Pour conséquent, la responsabilité de l’État peut être engagée en cas de négligence ou de carence ce qui ne permet pas d’en déduire qu’il s’agit d’un droit à la sécurité. En effet, la chambre civile de la Cour de cassation a rejeté l’idée qu’il pouvait exister une solidarité nationale en faveur des infractions des victimes pénales (Civ. 2e, 8 sept. 2005, n° 04-12.277.). Pour obtenir réparation, la victime doit démontrer une faute lourde de l’État ce qui n’est pas toujours simple.

L’État n’a qu’une obligation de moyen, mais…

Pour conclure, l’État ne dispose pas d’une obligation de résultat en matière de sécurité. Il a à sa charge, tout au plus, une obligation d’intervention ou de non-intervention sauf lorsqu’il s’agit de mission tenant à la sauvegarde de l’ordre public.

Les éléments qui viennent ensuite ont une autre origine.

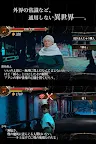 Screenshot 5: 群馬幻想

Un droit à la sécurité est-il, par ailleurs, souhaitable ? Imaginons qu’un tel droit puisse exister. Cela reviendrait à donner la possibilité à tout individu de demander réparation et/ou demander la mise en place d’un dispositif spécifique pour assurer sa sécurité. Il va sans dire qu’une telle politique serait trop onéreuse, voire impossible à mettre en œuvre.

C’est probablement pour cette raison que le Conseil constitutionnel a fait de la sécurité un objectif à valeur constitutionnelle mettant ainsi à la charge de l’État qu’une obligation de moyen.

Conclure sur cette obligation de moyen, c’est revisiter le pacte ayant permis de passer de l’état de nature à l’état de droit. En effet, les individus ont abandonné leurs droits naturels notamment de se défendre au profit de l’État sous réserve qu’elle assume correctement ses missions.

Les carences de l’État poussent, aujourd’hui, d’une part certains élus à créer des polices municipales souvent en concurrence avec la police nationale et d’autre part des individus à se regrouper pour assurer leur sécurité en dehors de tout cadre légal.

Il existe, aujourd’hui, un danger de délitement de notre système si le législateur ne redéfinit pas correctement ses missions dites prioritaires et les autres missions qui pourraient faire l’objet d’un transfert aux collectivités et aux acteurs privés de la sécurité.